||With the fast development of the internet technologies, data is easily generated and collected. Those data could be useful based on how the enterprise or individuals can derive the valuable information from it. Before doing more complex analysis, analyzers need to understand the data, preferably in a visualization way, leading to the approach of Exploratory Data Analysis(EDA). With EDA, analyzers can dig out the pattern or characteristic of data and then choose the appropriate model for further analysis. The common techniques of EDA include graphing, tabulation, and equation fitting, which could help the analyzers explore the data and identify its regularity. Unfortunately, when the volume of data is huge, traditional EDA methods may suffer from the lack of efficiency.|
Our work uses R to develop an EDA software based on its features of data exploration and rich package libraries and tries to efficiently visualize big data. By applying data reduction strategies, large volumes of data could be reduced to some meaningful data set with lower complexity and lower size.

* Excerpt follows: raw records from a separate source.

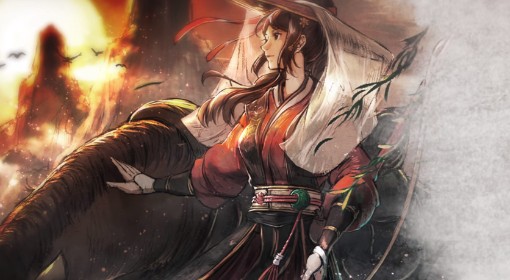 《歧路旅人手游》洁卡莉特角色强度分析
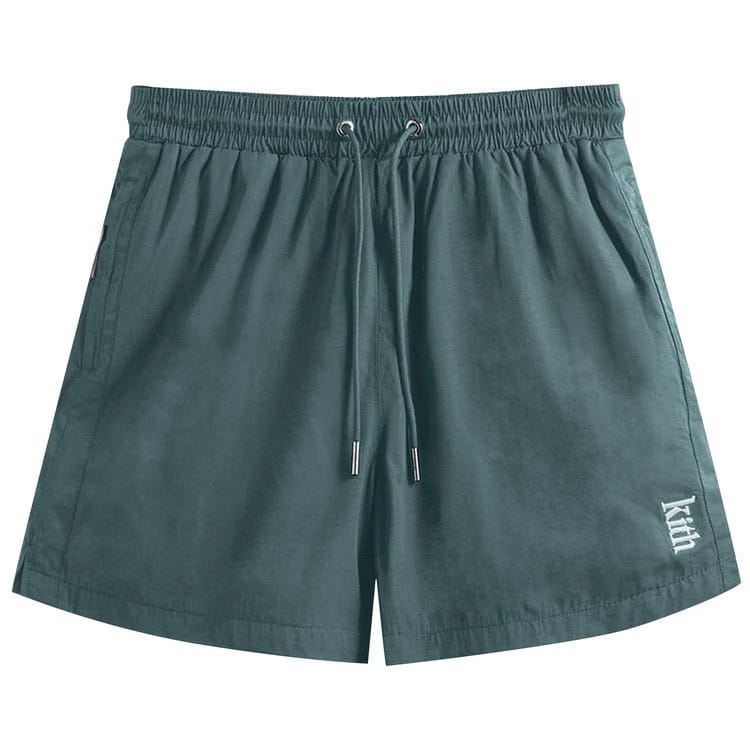 Kith Nylon Active Shorts Wilde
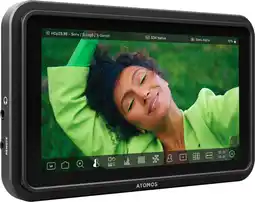 Coolblue Atomos Shinobi II aanbieding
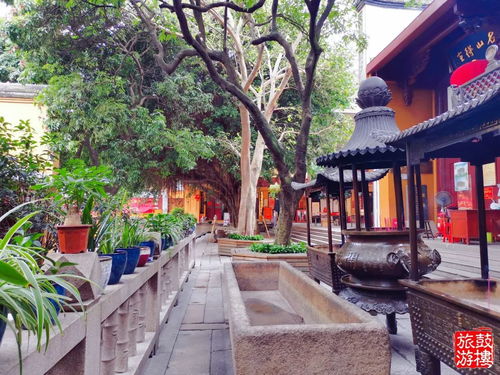 福州鼓楼公园好玩吗
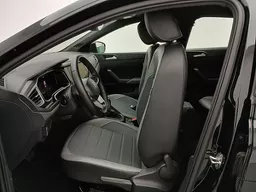 Volkswagen Nivus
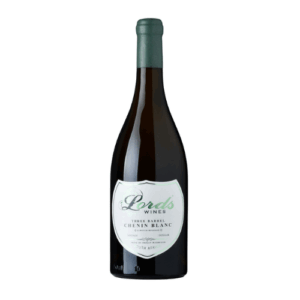 Three Barrel Chenin Blanc 2023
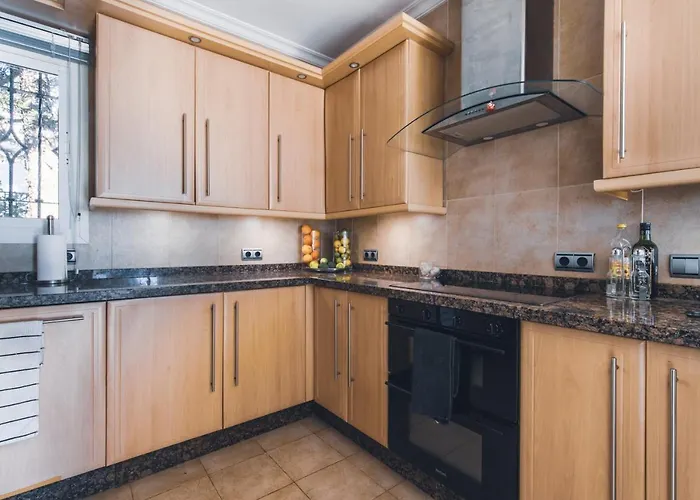 Villa Casa Primavera. *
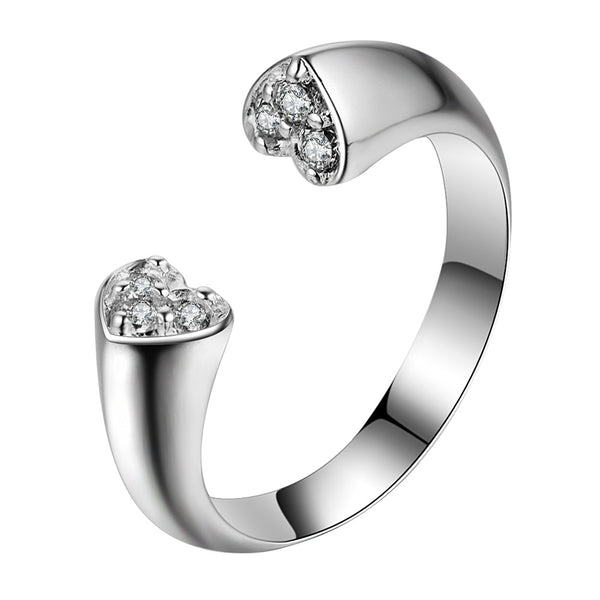 Silver Ring LSR265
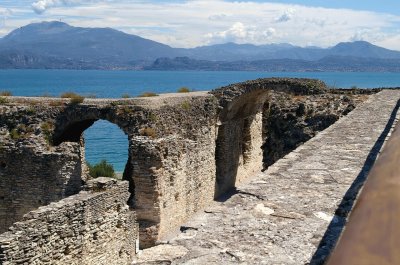 Catullus baths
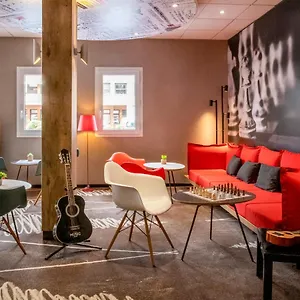 Hotel Ibis Centre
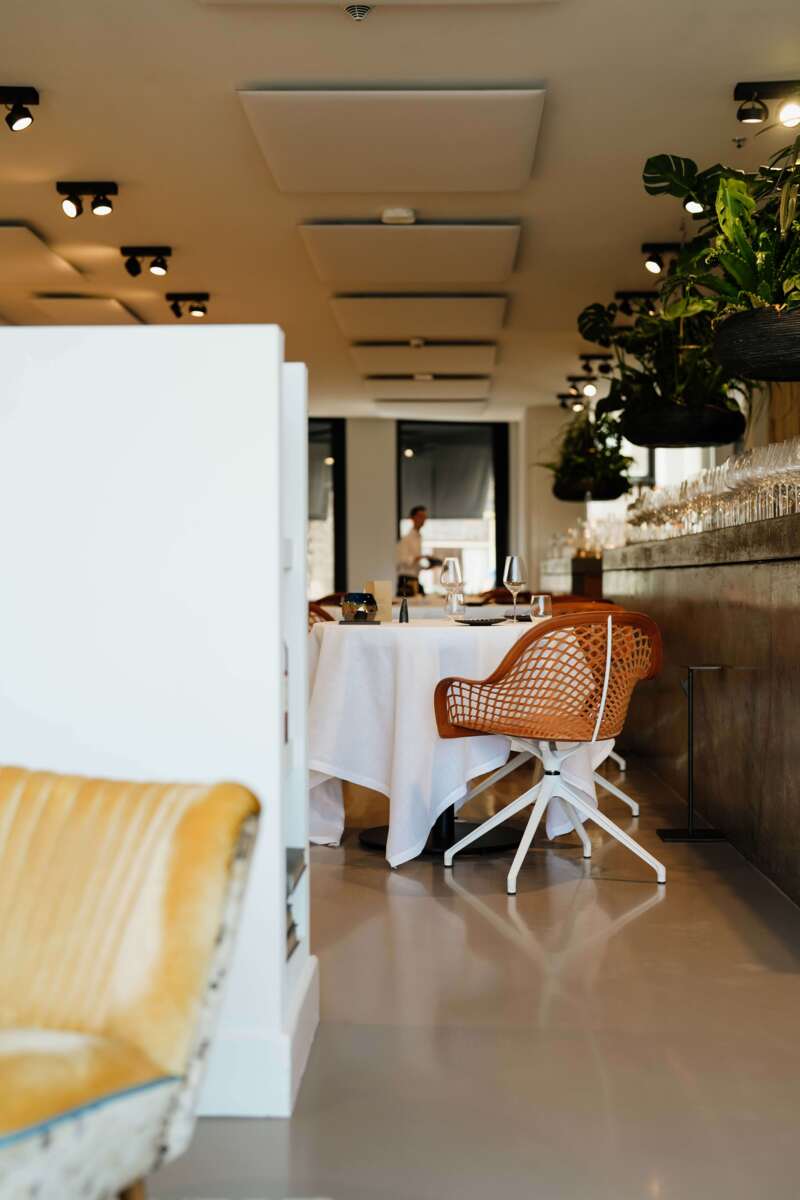 Bij Jef © Buro Food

Specifically, we apply the strategy of binning for developing data reduction methods. Equal-width is the most common binning method for aggregating continuous variables. Although equal-width had high efficiency, it had poor performance for skewness data distribution. In this thesis, we compared three aggregation approaches: equal-width, equal-depth and MHist by assessing their time efficiencies and accuracies.
Experimental results showed that both equal-depth and MHist has much higher accuracy at some price of efficiency when compared to equal-width. MHist method performs well in various data distributions but with lowest efficiency. The method equal-depth strikes a balance in that it has reasonable performance in both efficiency and accuracy.